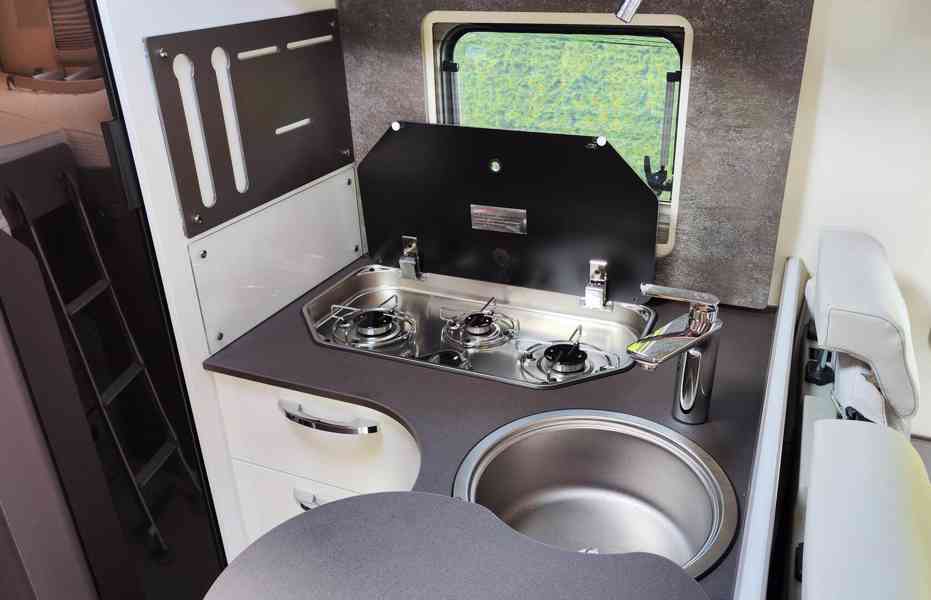Zapůjčíme Vám zánovní obytný vůz Burstner Lyseo 690G - foto 9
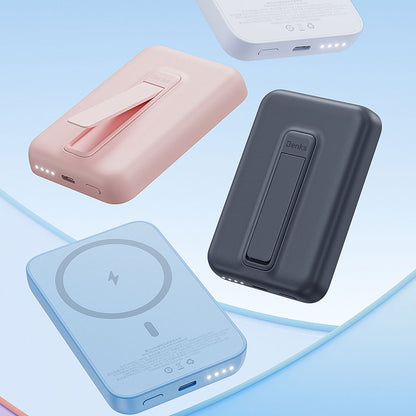 Benks MP09 M-safe Magnetik Standlı İnce Tasarımlı Powerbank 6000mAh Siyah
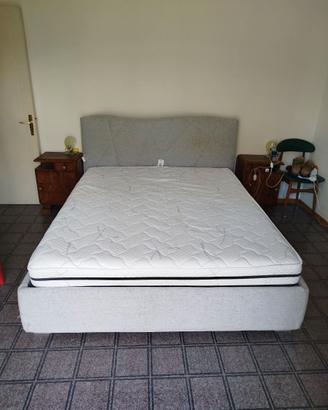 Letto matrimoniale con reti e materasso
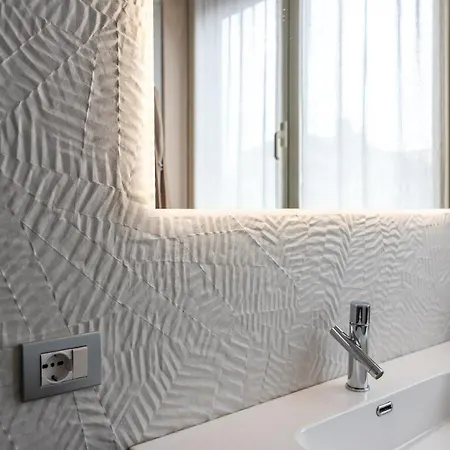 De Amicis Apartment *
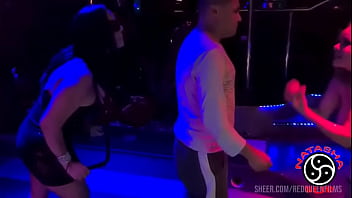 PUTARIA EM MENAGE COM NEGAO BBC DOTADO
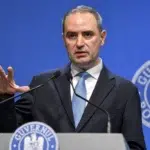 România își menține ratingul de țară dar rămâne fără bani. Economiștii anunță un blocaj financiar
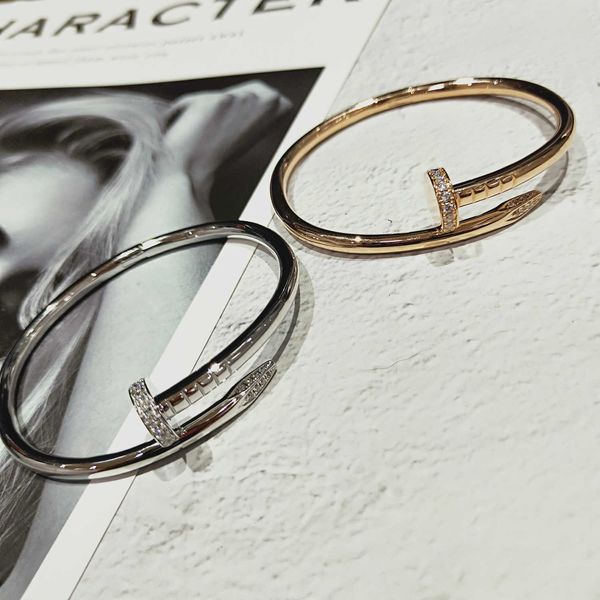 2023 designer bracelet carti bangle jewelry elastic head and tail diamond bracelet gold couple style fashion colorless, Black
2023 designer bracelet carti bangle jewelry elastic head and tail diamond bracelet gold couple style fashion colorless, Black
────────────────
_Work instruction_
Within the listing above, find the line containing "Benks MP09 M-safe", then print it and every line after it exactly, leaving out pictures.

_Solved exercise_
 Benks MP09 M-safe Magnetik Standlı İnce Tasarımlı Powerbank 6000mAh Siyah
 Letto matrimoniale con reti e materasso
 De Amicis Apartment *
 PUTARIA EM MENAGE COM NEGAO BBC DOTADO
 România își menține ratingul de țară dar rămâne fără bani. Economiștii anunță un blocaj financiar
 2023 designer bracelet carti bangle jewelry elastic head and tail diamond bracelet gold couple style fashion colorless, Black
2023 designer bracelet carti bangle jewelry elastic head and tail diamond bracelet gold couple style fashion colorless, Black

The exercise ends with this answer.